Le 28 décembre 1022, une quinzaine d’hérétiques furent brûlés à Orléans

« Bûcher des disciples d’Amaury de Chartres condamnés comme hérétiques sous les yeux du roi Philippe Auguste (1210) ». Jean Fouquet, Grandes Chroniques de France, Tours, XVe siècle, BnF 6465 f° 236

La Société archéologique d’Eure-et-Loir a deux raisons de commémorer le millénaire de ce funeste événement : le récit le plus complet qui le relate émane de Paul, moine de l’abbaye chartraine de Saint-Père-en-Vallée, et l’enquête visant à démasquer les hérétiques et mieux connaître leurs croyances et leurs pratiques est partie de Chartres.

Paul, auteur de la première partie du Cartulaire de Saint-Père-en-Vallée également connue sous le nom de Vieil Aganon, recopie, entre 1060 et 1088 environ, les chartes de son époque concernant son monastère ; de plus, il fait œuvre d’archiviste en y ajoutant tous les documents qu’il a pu recueillir sur Saint-Père, et de chroniqueur en les agrémentant de commentaires.

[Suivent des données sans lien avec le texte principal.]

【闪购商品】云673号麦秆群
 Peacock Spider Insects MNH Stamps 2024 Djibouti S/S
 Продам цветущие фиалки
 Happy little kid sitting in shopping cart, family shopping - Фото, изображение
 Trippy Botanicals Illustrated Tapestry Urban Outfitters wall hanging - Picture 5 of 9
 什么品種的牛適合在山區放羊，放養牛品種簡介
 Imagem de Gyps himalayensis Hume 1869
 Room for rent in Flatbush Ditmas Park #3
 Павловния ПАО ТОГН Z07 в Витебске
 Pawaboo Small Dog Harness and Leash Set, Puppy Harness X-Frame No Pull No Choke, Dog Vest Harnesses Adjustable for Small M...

Ainsi, dans le troisième chapitre du Livre sixième, figure une charte par laquelle Aréfastus – frère du sénéchal Gonnor de Normandie puis moine à Saint-Père – donne à l’abbaye des biens répartis dans le pagus de Coutances. Suit un très long développement de Paul qui a « considéré qu’il valait la peine de rappeler comment l’homme en question, Aréfastus, a, grâce à Dieu et à son exceptionnelle sagacité, non seulement découvert mais aussi totalement éradiqué une hérésie qui se développait secrètement dans la ville d’Orléans ».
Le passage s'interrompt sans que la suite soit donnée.